• EXERCISE DIRECTIONS
What is needed is an exact copy of the whole listing below, with no pictures.

• DATA EXCERPT
--------------------
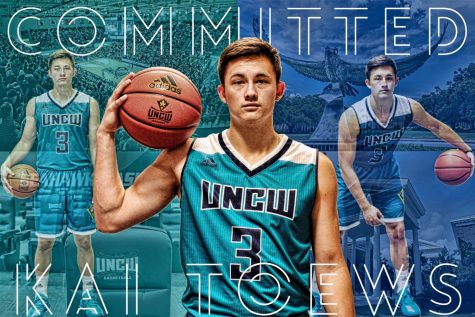 Kai Toews posted this graphic to his Twitter profile on Monday, Sept. 25 to confirm his verbal commitment to UNCW basketball.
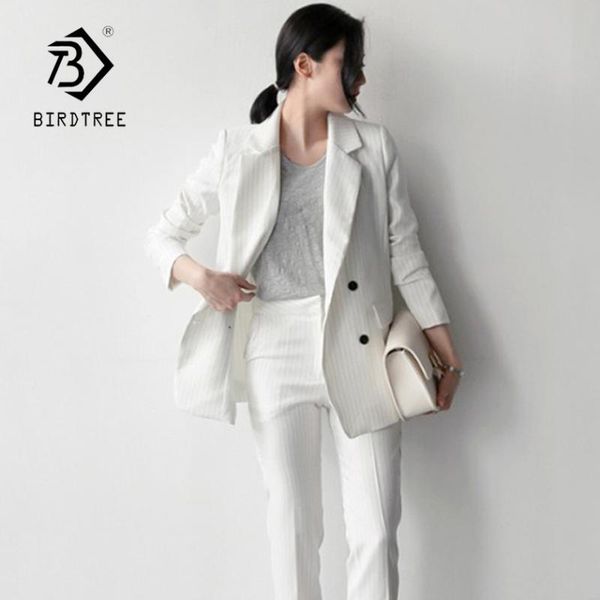 women's suits & blazers double breasted striped white black pant suit blazer high waist pants elegant office lady classic loose s87445x
women's suits & blazers double breasted striped white black pant suit blazer high waist pants elegant office lady classic loose s87445x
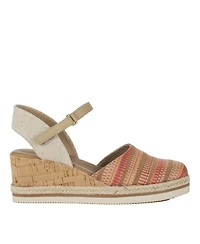Baretraps Women's Alycia Closed Toe Wedge Sandals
--------------------
• ANSWER TO THE PROBLEM
 Kai Toews posted this graphic to his Twitter profile on Monday, Sept. 25 to confirm his verbal commitment to UNCW basketball.
 women's suits & blazers double breasted striped white black pant suit blazer high waist pants elegant office lady classic loose s87445x
women's suits & blazers double breasted striped white black pant suit blazer high waist pants elegant office lady classic loose s87445x
Baretraps Women's Alycia Closed Toe Wedge Sandals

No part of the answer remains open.